41

I'm building a system that tracks and verifies ad impressions and clicks. This means that there are a lot of insert commands (about 90/second average, peaking at 250) and some read operations, but the focus is on performance and making it blazing-fast.

The system is currently on MongoDB, but I've been introduced to Cassandra and Redis since then. Would it be a good idea to go to one of these two solutions, rather than stay on MongoDB? Why or why not?

Thank you

Community
  • 1
  • 1
Mark Bao
  • 896
  • 1
  • 10
  • 19
  • Is Mongodb too slow? Did you test the performance? I see no reason to switch if performance is fine. – TTT Jun 10 '10 at 08:36
  • It's not too slow, but if the situation is that I have to serve a page within 10 milliseconds or risk backing up the server, it's better if something's faster, even by 10%. – Mark Bao Jun 10 '10 at 08:51
  • Don't know about Redis, but if you're concerned about read performance, I'd go with MongoDB over Cassandra. See my answer below for more details. – Data Monk Mar 26 '11 at 09:01
  • A bit late, but for those who end up here, you should put a buffer between the reception of the request and putting the data in actual data store, that way you have minimal latency on your user request. Then in a separated process you put the data in a final store. Kafka is a good candidate for it. (use google to have more info on modern architecture). – Kazaag Mar 05 '15 at 15:23

9 Answers9

31

For a harvesting solution like this, I would recommend a multi-stage approach. Redis is good at real time communication. Redis is designed as an in-memory key/value store and inherits some very nice benefits of being a memory database: O(1) list operations. For as long as there is RAM to use on a server, Redis will not slow down pushing to the end of your lists which is good when you need to insert items at such an extreme rate. Unfortunately, Redis can't operate with data sets larger than the amount of RAM you have (it only writes to disk, reading is for restarting the server or in case of a system crash) and scaling has to be done by you and your application. (A common way is to spread keys across numerous servers, which is implemented by some Redis drivers especially those for Ruby on Rails.) Redis also has support for simple publish/subscribe messenging, which can be useful at times as well.

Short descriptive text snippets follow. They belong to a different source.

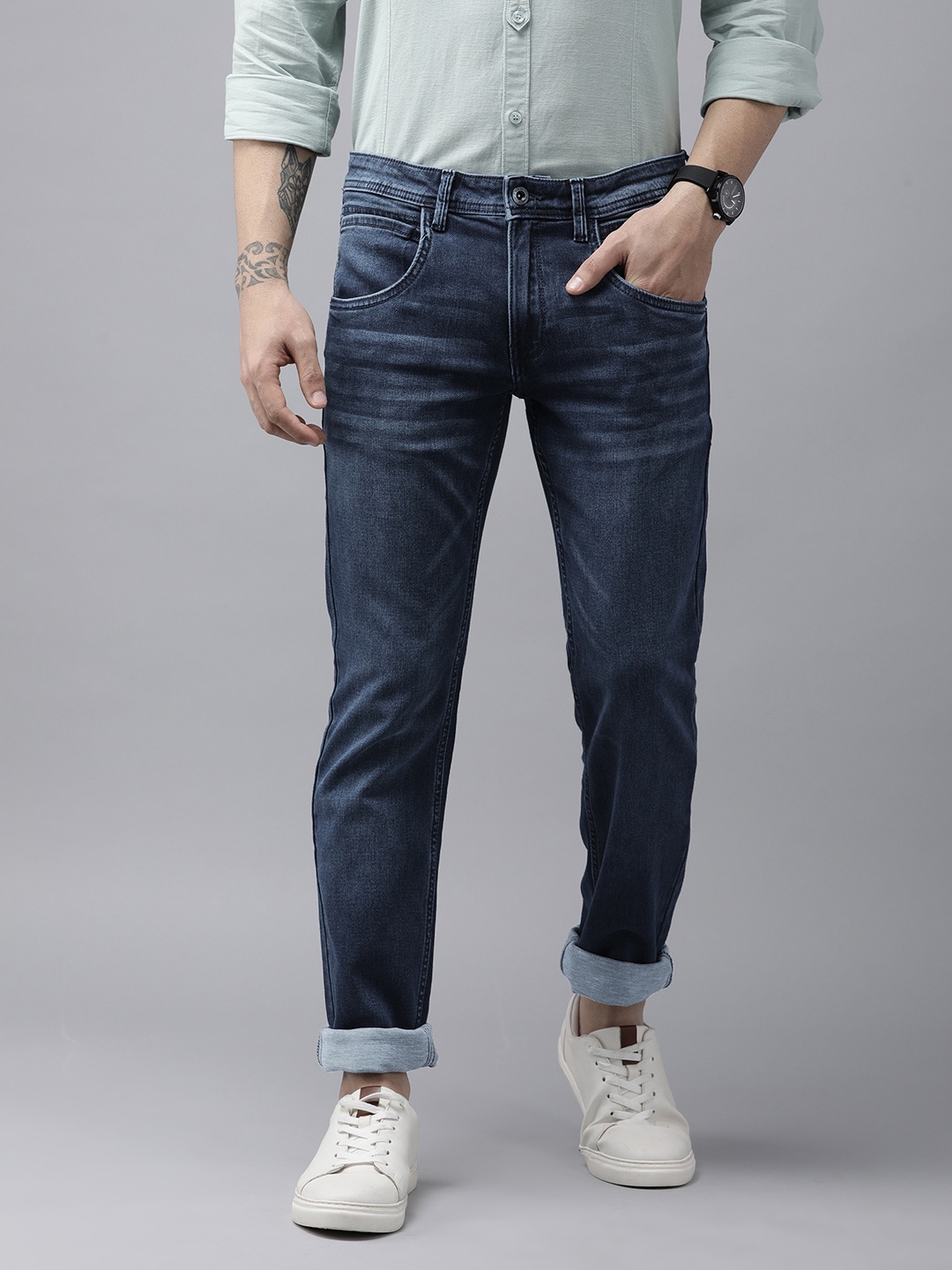 

VAN HEUSEN DENIM LABS Men Navy Blue Slim Fit Light Fade Stretchable Jeans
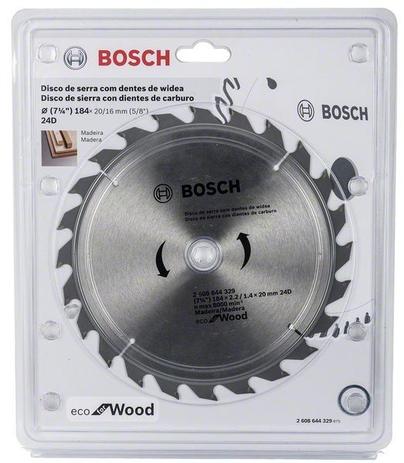 Disco para Serra Circular 184mm Bosch Eco 24 dentes - 2608644329 Menor preço em Disco para Serra Circular 184mm Bosch Eco 24 dentes - 2608644329
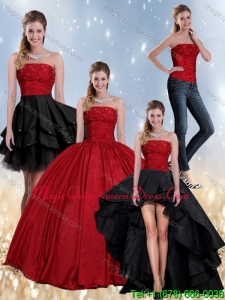 Detachable Beading Strapless Ball Gown 2015 Quinceanera Dress in Red and Black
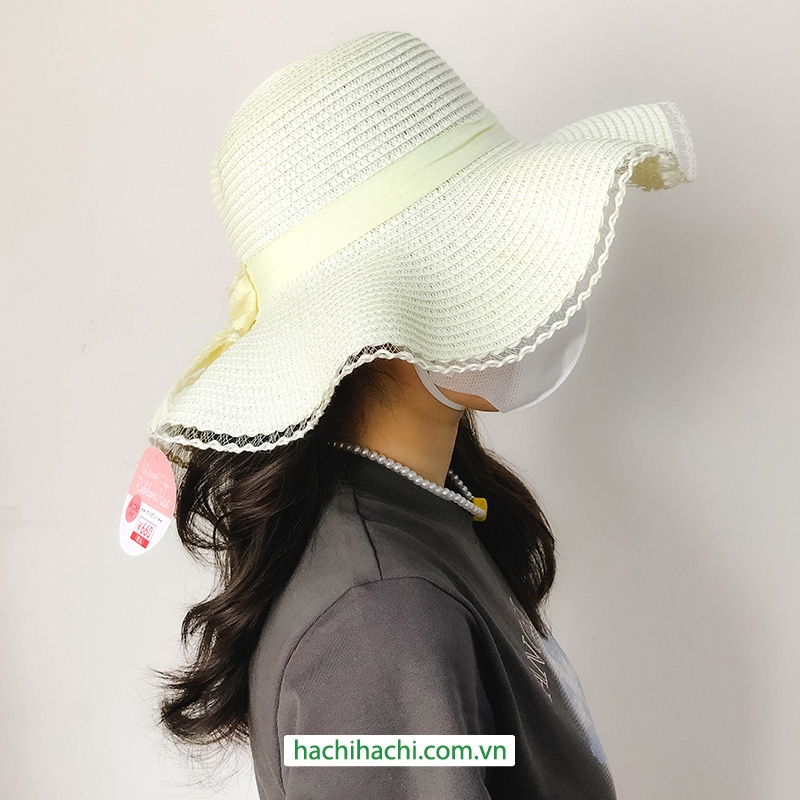 Nón rộng vành chống nắng, chu vi vòng đầu 56cm (Trắng kem) thương hiệu MATSUNO INDUSTRY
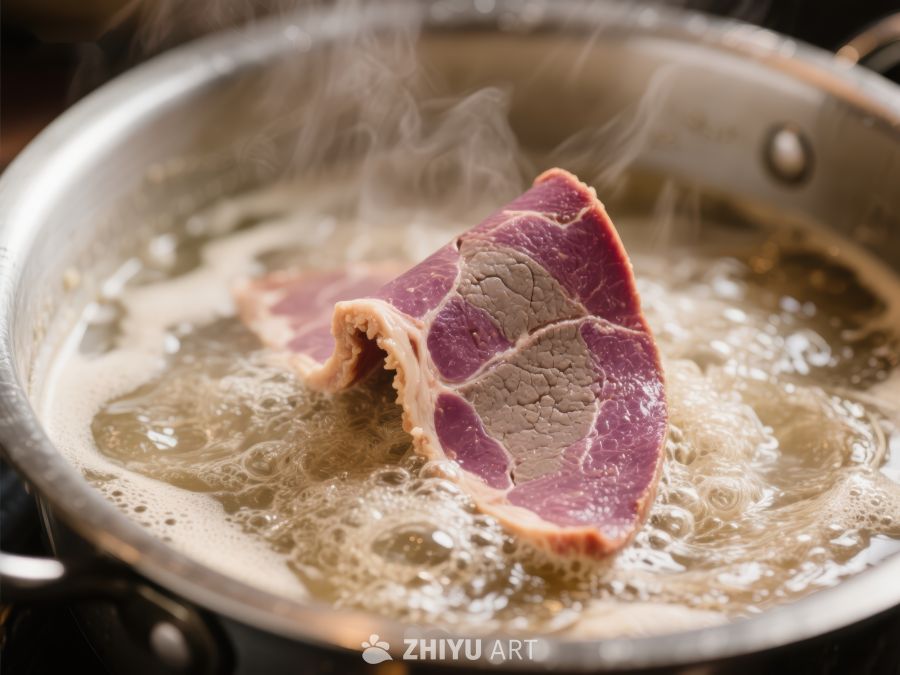 牛肉片在沸水中煮制 449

In this scenario, Redis is "stage one." For each specific type of event you create a list in Redis with a unique name; for example we have "page viewed" and "link clicked." For simplicity we want to make sure the data in each list is the same structure; link clicked may have a user token, link name and URL, while the page viewed may only have the user token and URL. Your first concern is just getting the fact it happened and whatever absolutely neccesary data you need is pushed.

Next we have some simple processing workers that take this frantically inserted information off of Redis' hands, by asking it to take an item off the end of the list and hand it over. The worker can make any adjustments/deduplication/ID lookups needed to properly file the data and hand it off to a more permanent storage site. Fire up as many of these workers as you need to keep Redis' memory load bearable. You could write the workers in anything you wish (Node.js, C#, Java, ...) as long as it has a Redis driver (most web languages do now) and one for your desired storage (SQL, Mongo, etc.)

MongoDB is good at document storage. Unlike Redis it is able to deal with databases larger than RAM and it supports sharding/replication on it's own. An advantage of MongoDB over SQL-based options is that you don't have to have a predetermined schema, you're free to change the way data is stored however you want at any time.

I would, however, suggest Redis or Mongo for the "step one" phase of holding data for processing and use a traditional SQL setup (Postgres or MSSQL, perhaps) to store post-processed data. Tracking client behavior sounds like relational data to me, since you may want to go "Show me everyone who views this page" or "How many pages did this person view on this given day" or "What day had the most viewers in total?". There may be even more complex joins or queries for analytic purposes you come up with, and mature SQL solutions can do a lot of this filtering for you; NoSQL (Mongo or Redis specifically) can't do joins or complex queries across varied sets of data.

Skrylar
  • 762
  • 6
  • 16
22

I currently work for a very large ad network and we write to flat files :)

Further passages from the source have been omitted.